Lo curioso del caso es que las ya aludidas páginas introductorias que escriben Gracia y Ródenas sí recogen el panorama general de las ideas, las inquietudes y las controversias de la España del siglo XX, hasta el punto de que logran construir un sucinto pero esclarecedor entramado de la historia intelectual de nuestro país en ese período. Es verdad que estas densas páginas, encabezadas por un titular categórico («Biografía sintética de un género literario») terminan teniendo un tono de manual universitario, en la medida en que predomina lo extensivo, el afán enumerativo y el tono frío y distante sobre la interpretación personal y arriesgada. Pero en el contexto que estoy trazando ese no pasaría de ser un reparo muy menor y probablemente una opción casi inevitable en un libro de estas características.
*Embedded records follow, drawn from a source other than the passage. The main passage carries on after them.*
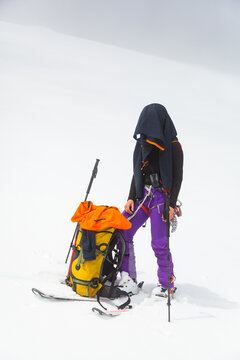 Backcountry skier stands in snow with jacket on head against sun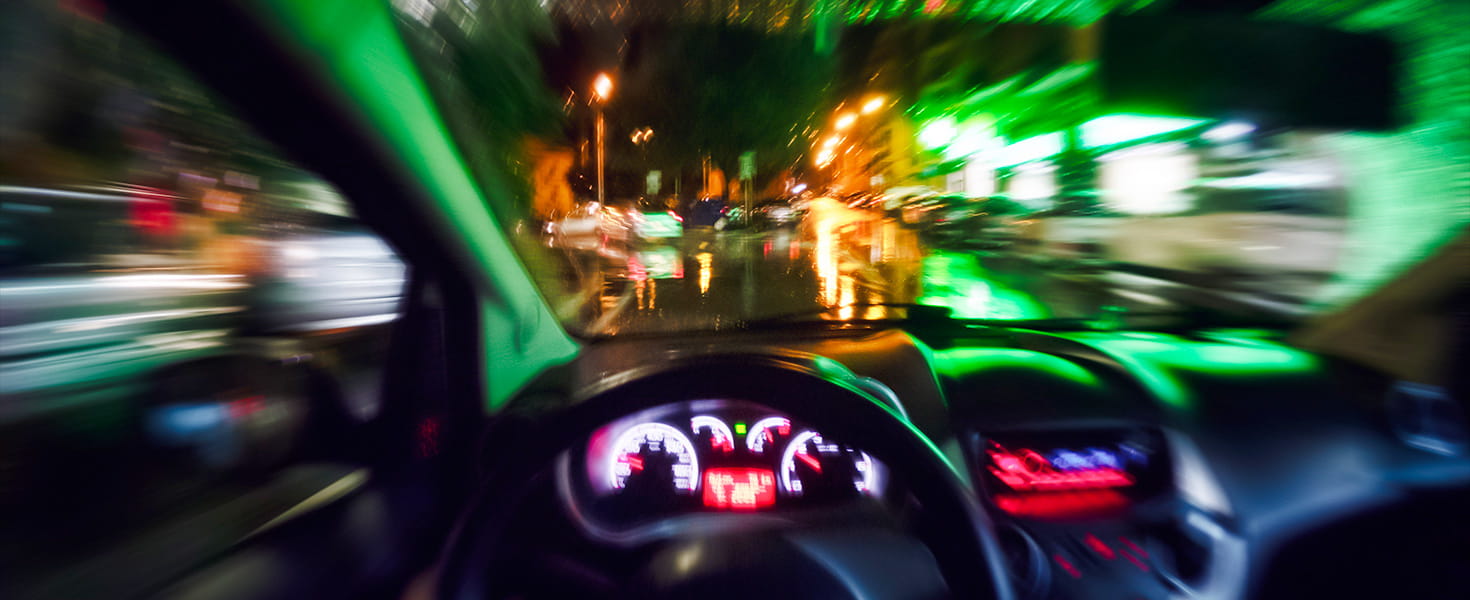 Blurry road and car indicating an impaired driver
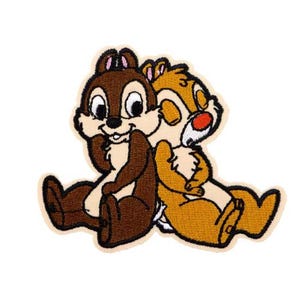 May include: Embroidered patch featuring Chip and Dale from Disney's Chip 'n Dale Rescue Rangers. Chip is brown and Dale is tan. They are hugging each other.
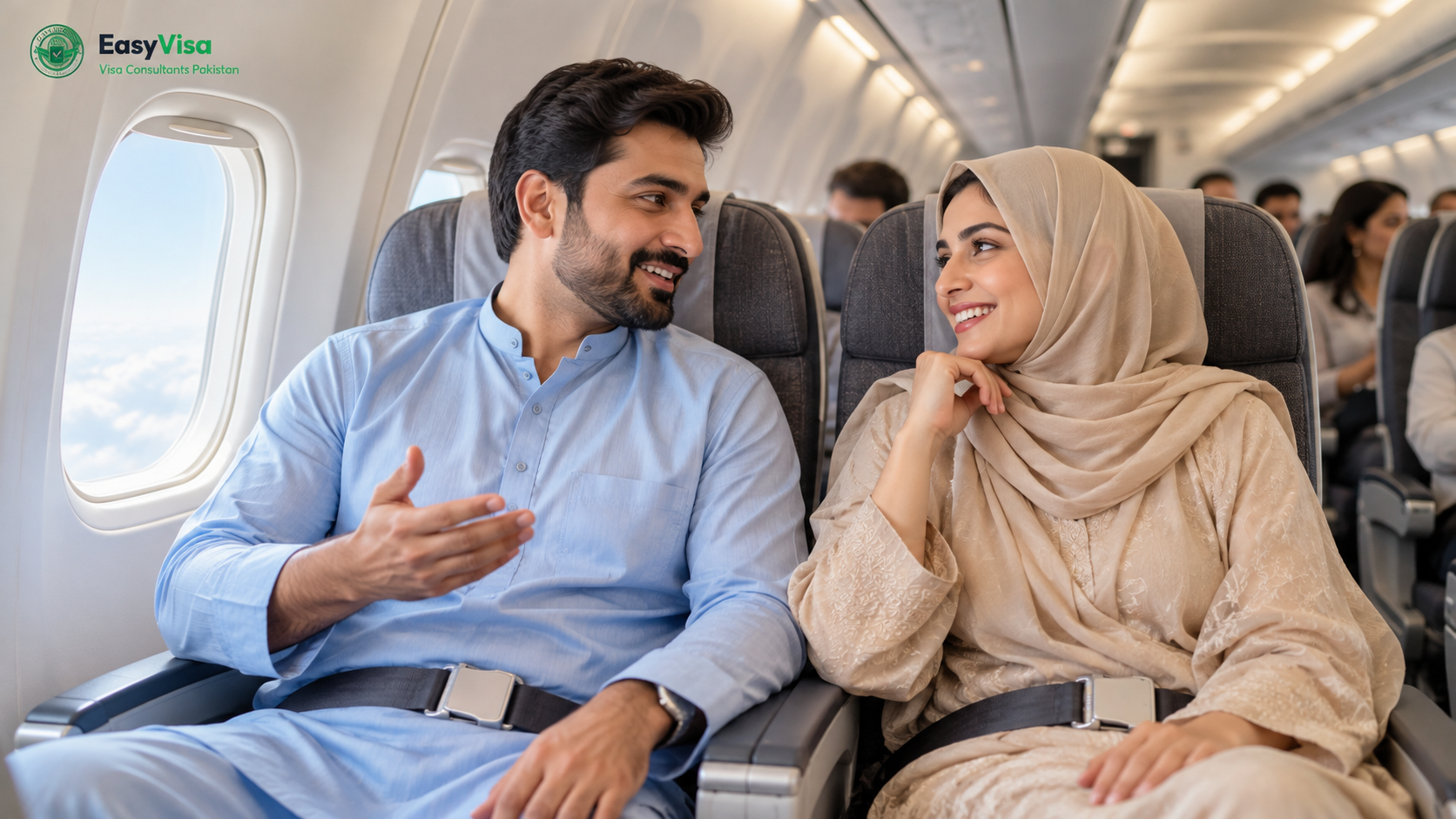 Pakistani couple seated in a generic aircraft cabin looking toward the aisle, no airline livery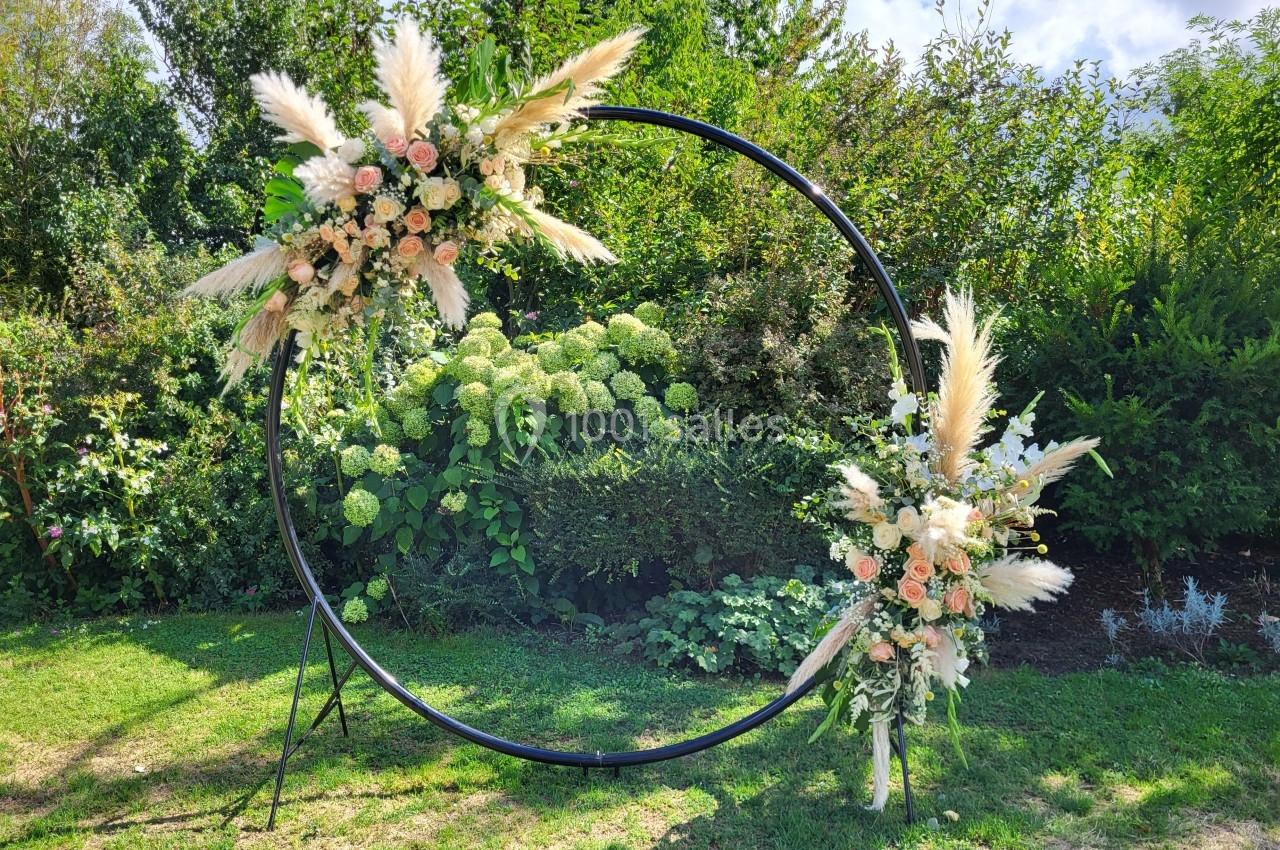 Cercle métallique décoré de fleurs et de pampas, installé dans un jardin verdoyant sous un ciel partiellement nuageux.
Tampoco creo que tenga mucho sentido detenerse en las ausencias, aunque hay algunas que llaman la atención (por ejemplo, Eugenio Noel, Gutiérrez Solana), sobre todo teniendo en cuenta determinadas presencias (Marichalar, Sánchez Rivero), del mismo modo que no se entienden bien otros contrastes, como que Tierno Galván esté representado por un texto muy menor y otros (Castilla del Pino, José Antonio Marina) por sus obras más representativas, que esté el Idearium de Ganivet pero no el Sentimiento trágico de Unamuno, o que aparezca el texto de reconocimiento a Ortega de Laín en vez de La generación del 98. Apunto todo ello porque no tengo más remedio que consignarlo, pero no quiero entrar al trapo del criterio de selección de autores y obras, que constituye la eterna y estéril discusión en cualquier antología.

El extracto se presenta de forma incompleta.